* **Exercise prompt**:
Transcribe the full listing below, word for word, without pictures.

* **Data block**:
====
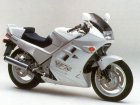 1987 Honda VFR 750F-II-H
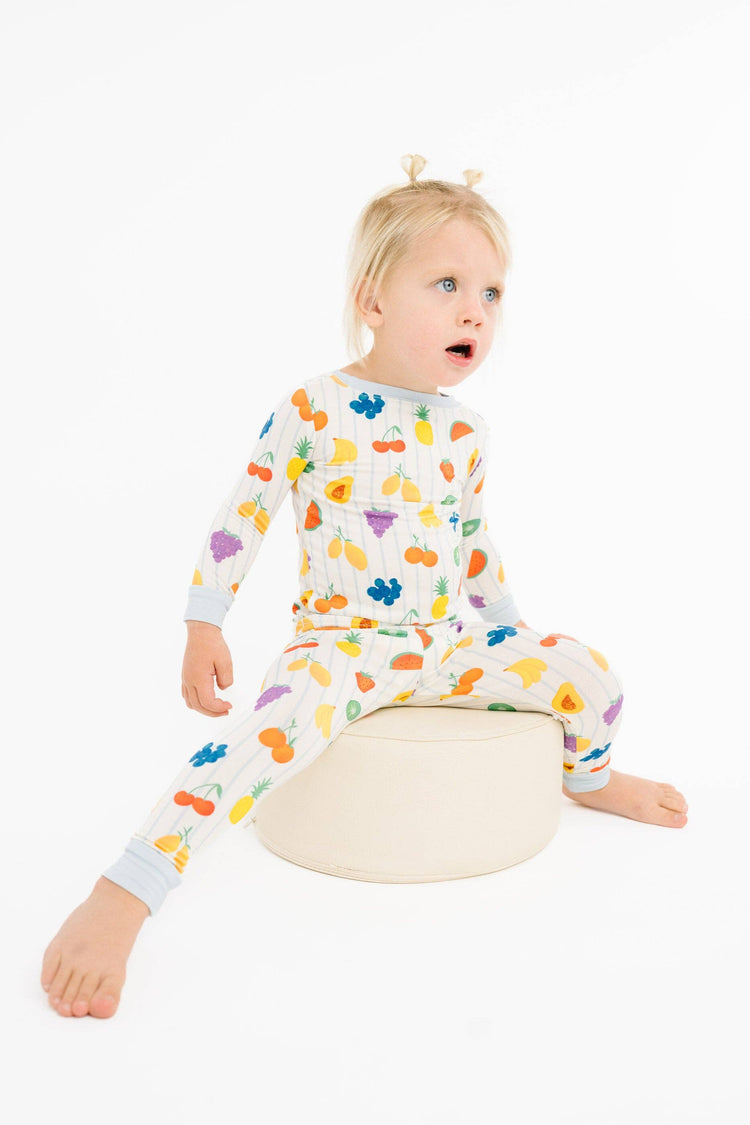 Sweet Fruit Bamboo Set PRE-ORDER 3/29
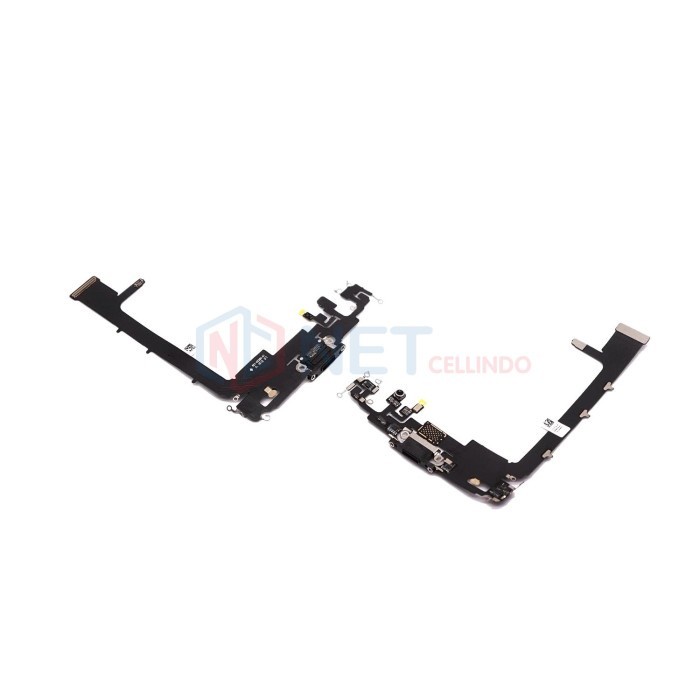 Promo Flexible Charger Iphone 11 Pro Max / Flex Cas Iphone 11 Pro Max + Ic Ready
====
* **Task response**:
 1987 Honda VFR 750F-II-H
 Sweet Fruit Bamboo Set PRE-ORDER 3/29
 Promo Flexible Charger Iphone 11 Pro Max / Flex Cas Iphone 11 Pro Max + Ic Ready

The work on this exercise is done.